Patric was a beautiful man. An author, an artist. One of the most brilliant minds I've ever known.  

He was a mentor to so many authors, this gal included. 

What touched me most about Patric was the journey through his illness. Watching a man reconcile himself to the inevitable, witnessing his growth as he faced the challenge, and admiring his peace about what he knew was going to come. If Patric was afraid, he never let on.  

There will be many tributes to him, so I'll not elaborate on my own.   What I want to do, though, is leave you with a glimpse of HIM. Something to share, something that paints a better portrait of him that my words ever could.  

Once, he and I discussed fireflies. Yes, fireflies. He'd authored a story in an anthology in which fireflies were a horrific entity (it was a horror anthology, after all..lol).   But, on the subject of fireflies---to show the tender, sensitive side of himself---he sent me this little snippet once. And I don't figure he'd mind my sharing it.  

So...in my bidding goodnight to my Petit Garcon, my dear friend, let me share this beautiful insight into his mind....  
  When he was a kid, he and his friends spend endless summer nights lurking beneath these same trees playing tag and munching fruit, spitting seeds at each other and laughing. His real father had been alive then. Alive long enough to teach him how to catch and hold the fireflies that even now glittered amidst the tall grass and dark red leaves.
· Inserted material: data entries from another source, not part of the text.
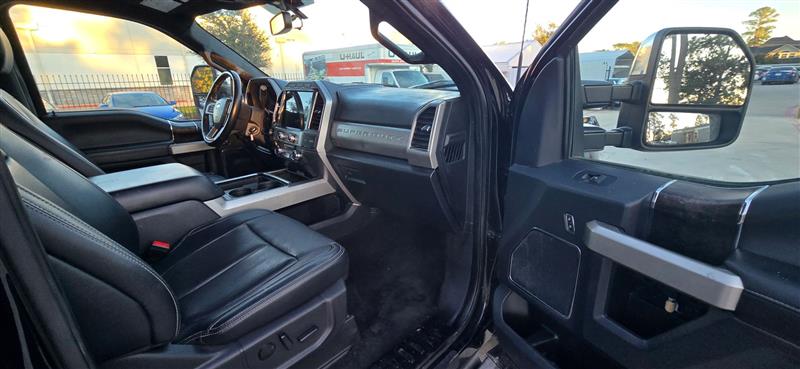 Ford F-250 SD Lariat Crew Cab 4WD 2022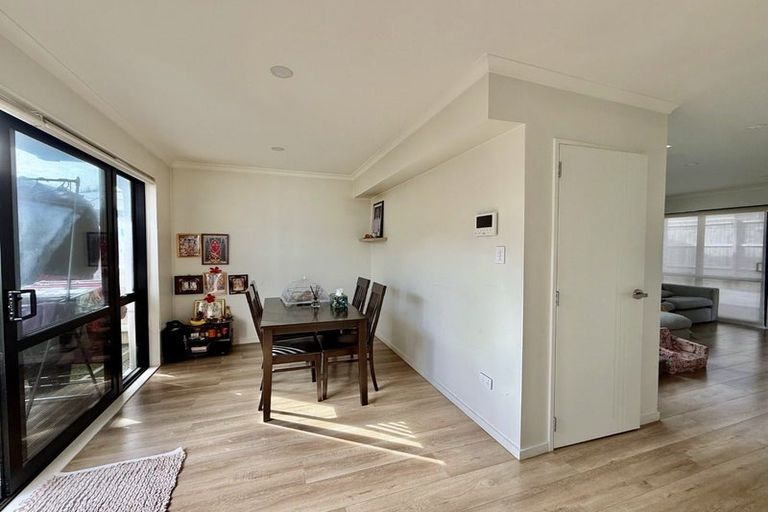 Photo of property in 6d Christmas Road, Manurewa, Auckland, 2102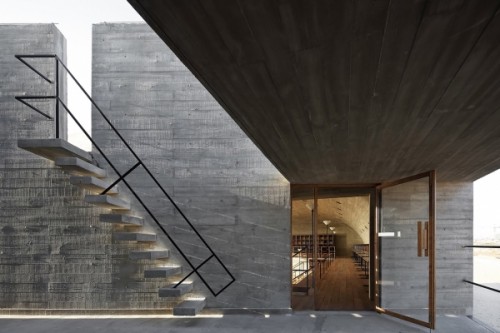 Lonely-Seashore-Library-in-China-by-Vector-Architects-Staircase-©Xia-Zhi-600x400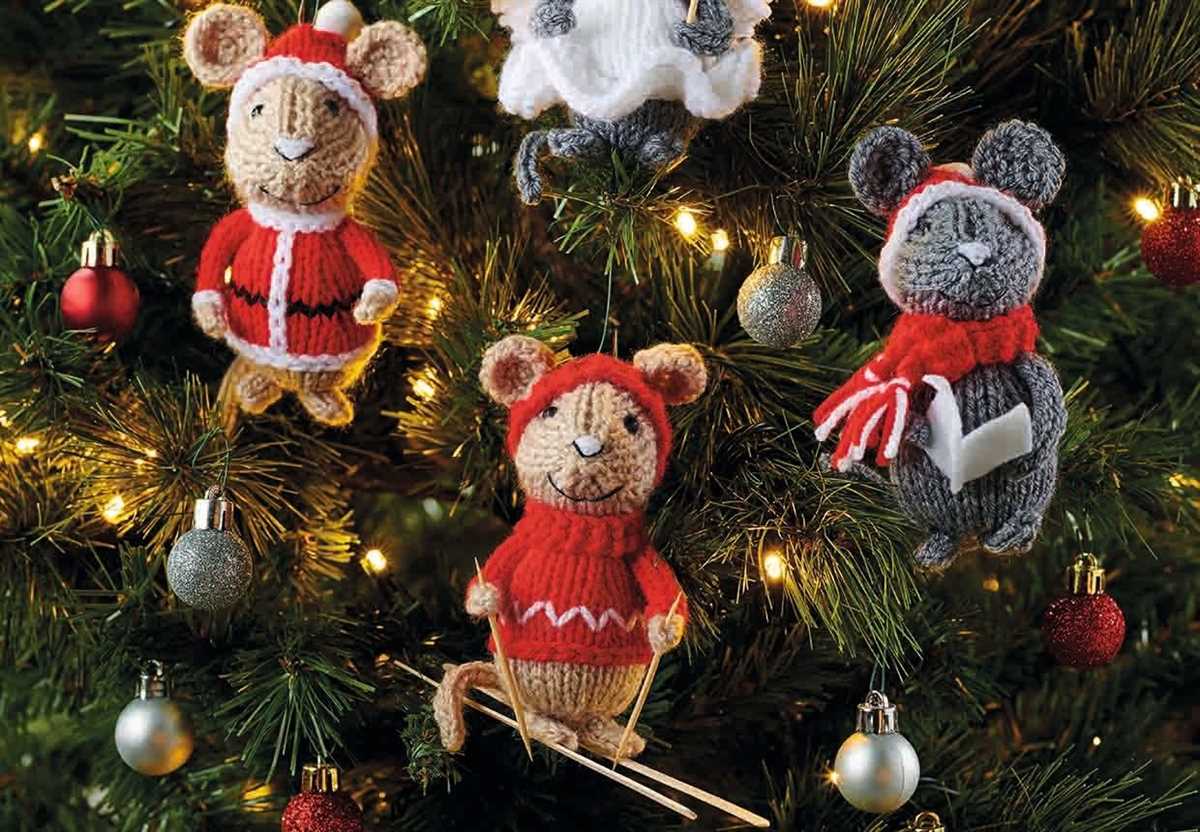 Christmas mice knitting pattern
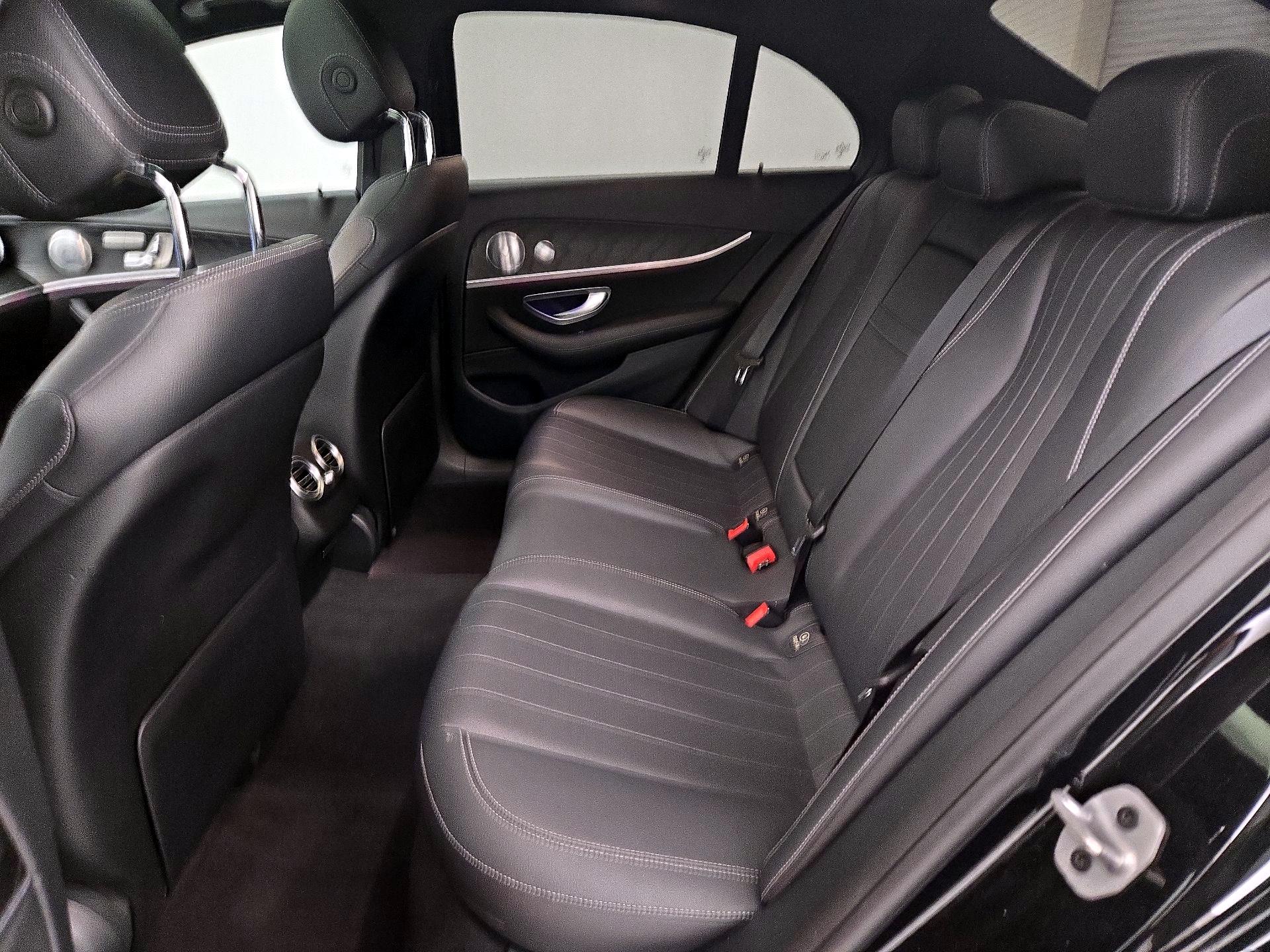 Thumbnail: 2020 Mercedes-Benz E-Class - 20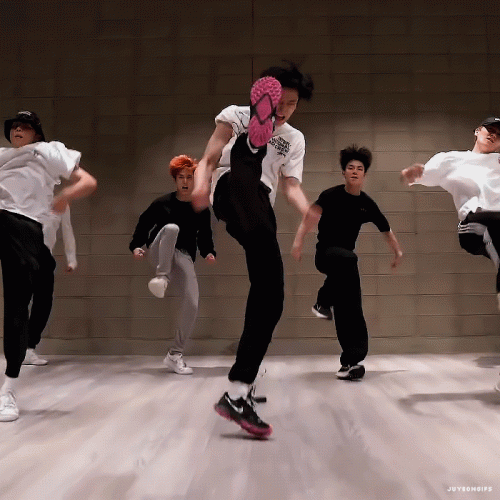 stealerdancepractice-2.gif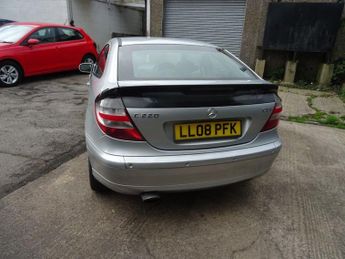 MERCEDES-BENZ C-CLASS 2.1 C220 CDI SE Coupe 2dr Diesel Automatic (174 g/km, 143 bhp)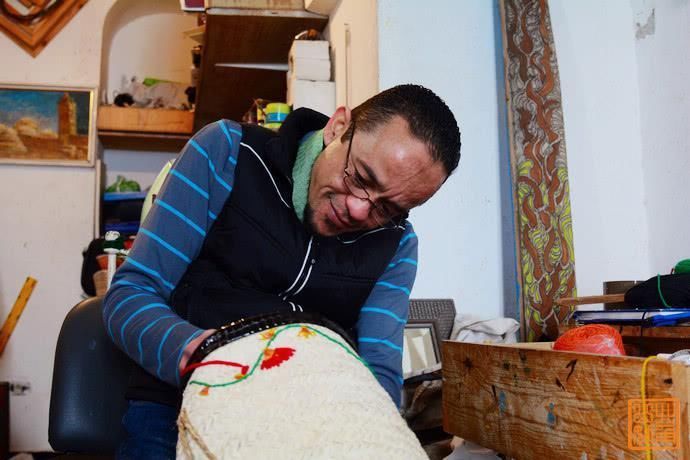 春雪|非洲最梦幻蓝白小镇,在草席咖啡馆抽水烟喝甜茶,这里的惬意不输圣托里尼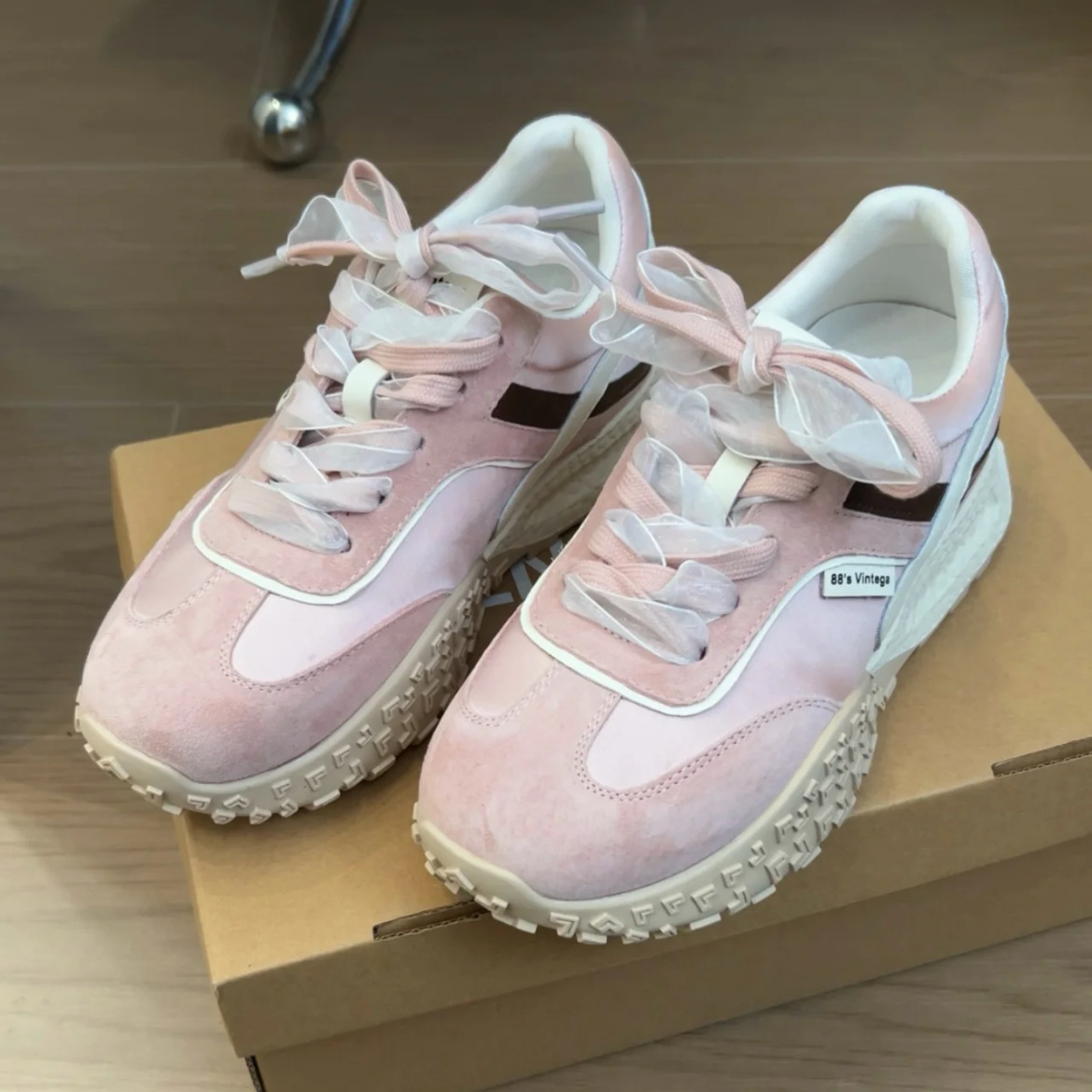[Aumento de altura interior 7cm] Gump zapatos para mujeres 2025 nuevos zapatos casuales pequeños con suela gruesa de cinta de color de zapatos de entrenamiento de la ley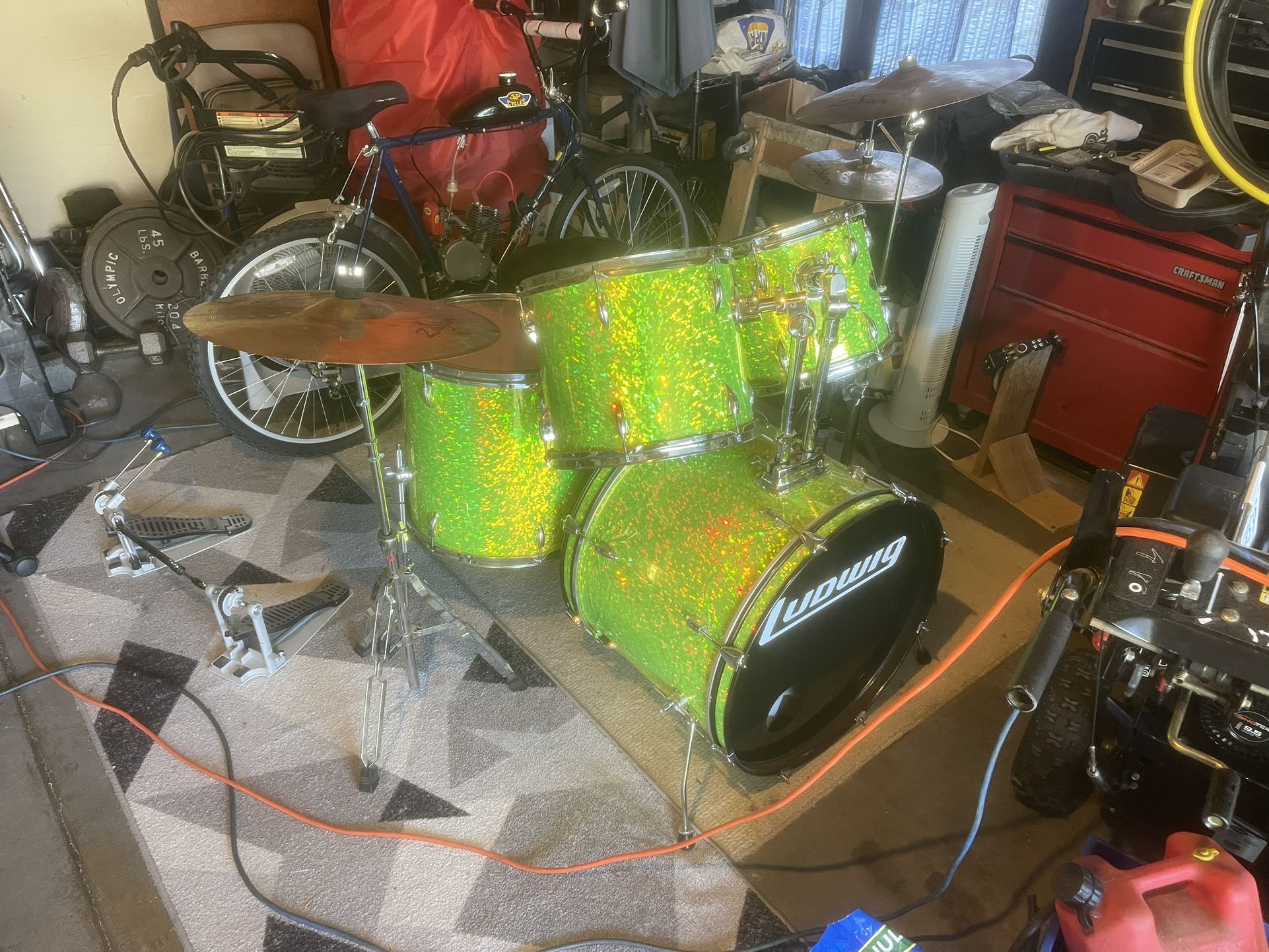 Complete Drum Set. Custom Rewrapped Ludwig Accent Combo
He snatched one out of the air, almost without thought and stared at it cupped between his shaking hands.

“Don’t squeeze too hard, Danny. Cup your hands, like this.” Raymond Ellison demonstrated, allowing his son to peer at the softly glowing insect trapped within the cage of his hands. Faint green light spilled between his fingers. “You try it.”


Danny swept his hands through the tall grass and giggled as his efforts produced not one but two ‘lightning bugs’.

“I got two!” He crowed, holding up his prize.

“You sure did.” His father said, approving. “Look at them for a while, then let them go, Ok?”

“Why?” Danny asked, his small round face clouding with confusion. “Why can’t I keep them?”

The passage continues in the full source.